Il n’y a pas lieu de parler réellement d’investissement avec rendement à moyen ou plus long termes lorsqu’il s’agit d’évaluer une transaction d’achat par un Libanais d’un bien-fonds immobilier dans l’île de Chypre. Le marché chypriote n’est pas celui où peuvent se permettre de jouer des spéculateurs de l’immobilier. Il n’est pas liquide vu son étroitesse et sa non-profondeur. D’où l’absence de perspectives d’une plus-value évidente. D’autant que l’île a connu dans un passé tout récent, en 2012 et 2013, une crise économique sans précédent, contraignant le gouvernement à poser des restrictions sur les banques opérant dans le pays, traduites par une limite sur les transferts d’argent et les paiements scripturaux.
Chypre accueille neuf filiales de banques libanaises et deux banques chypriotes appartenant à des institutions bancaires libanaises. L’approche d’un quelconque intérêt des Libanais pour le secteur immobilier à Chypre pourrait se faire, à la rigueur, en termes de «pied-à-terre» au cas où la situation sécuritaire venait à se dégrader au pays du Cèdre. Cette conjoncture s’était présentée dans les années 80, lorsque les Libanais avaient fui la guerre qui battait son plein dans leur pays, constituant un pilier de la croissance économique de l’île. Une fois la violence terminée, ils avaient eu du mal à liquider leurs avoirs fonciers, surtout les hommes d’affaires, qui avaient investi dans des hôtels de luxe à Limassol.

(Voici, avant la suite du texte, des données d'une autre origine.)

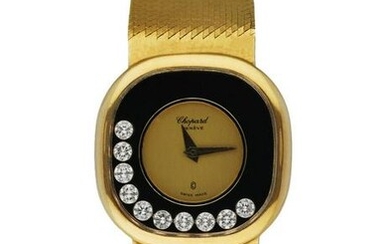 Chopard Happy Diamonds 5157 18K Yellow Gold Watch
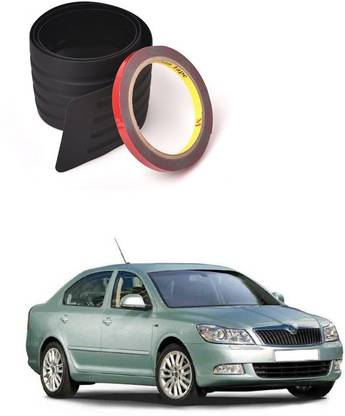 PRTEK Rubber Car Rear Bumper Protector 0025 Car Spoiler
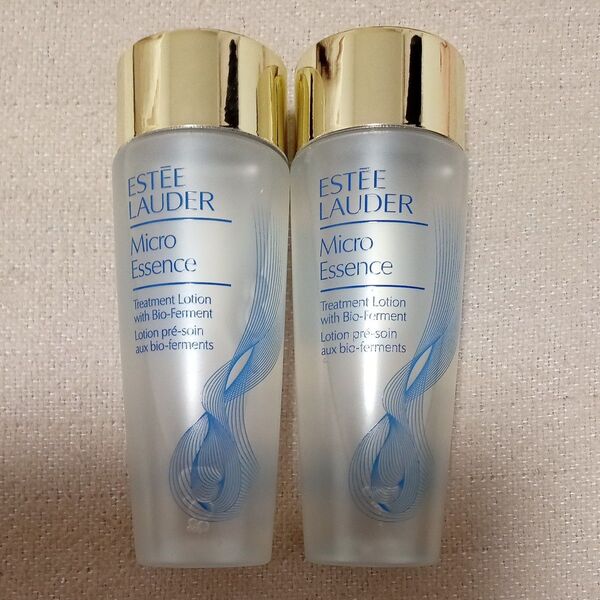 エスティローダー マイクロエッセンスローションBF 50ml×2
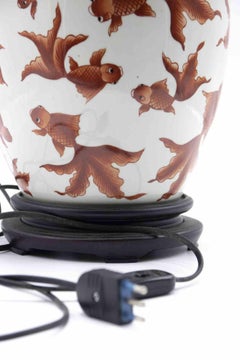 Red Fishes Lamps, Half of 20th Century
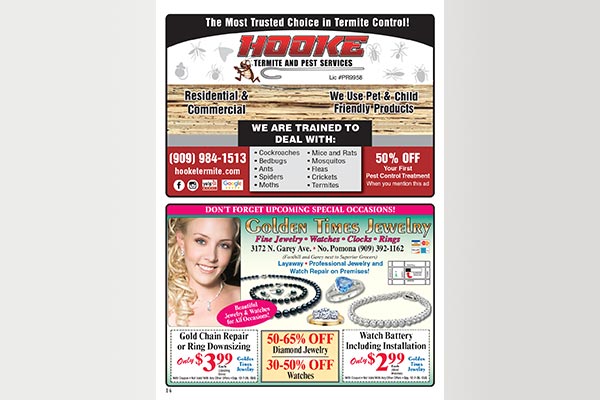 Claremont/Upland Quarterly Magazine – Page 14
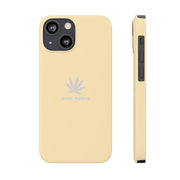 Printify Phone Case iPhone 13 Mini Hemp Iphone Case -  Sand pure-world-organic-sustainable-products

Contacté par Magazine, Joe Kanaan, consultant en immobilier, refuse de parler de «ruée ou d’engouement» des Libanais pour le secteur chypriote de l’immobilier. «Depuis la crise chypriote, nous recevons régulièrement de nombreuses demandes de la part d’agents immobiliers chypriotes pour la promotion d’appartements résidentiels dans différentes régions de l’île. Elles dorment dans nos tiroirs», dit-il, ajoutant qu’il ne croit pas aux rumeurs des scénarios fatalistes qui courent dans le pays. A son tour, Farès Massaad, également consultant en immobilier, considère que l’intérêt que portent les Libanais au marché foncier chypriote ne fait pas ombrage au secteur domestique. Catégorique, il affirme que l’investissement dans le secteur immobilier local n’a jamais cessé d’être concluant. «Personne n’a jamais perdu de l’argent en investissant dans l’immobilier au Liban», insiste-t-il.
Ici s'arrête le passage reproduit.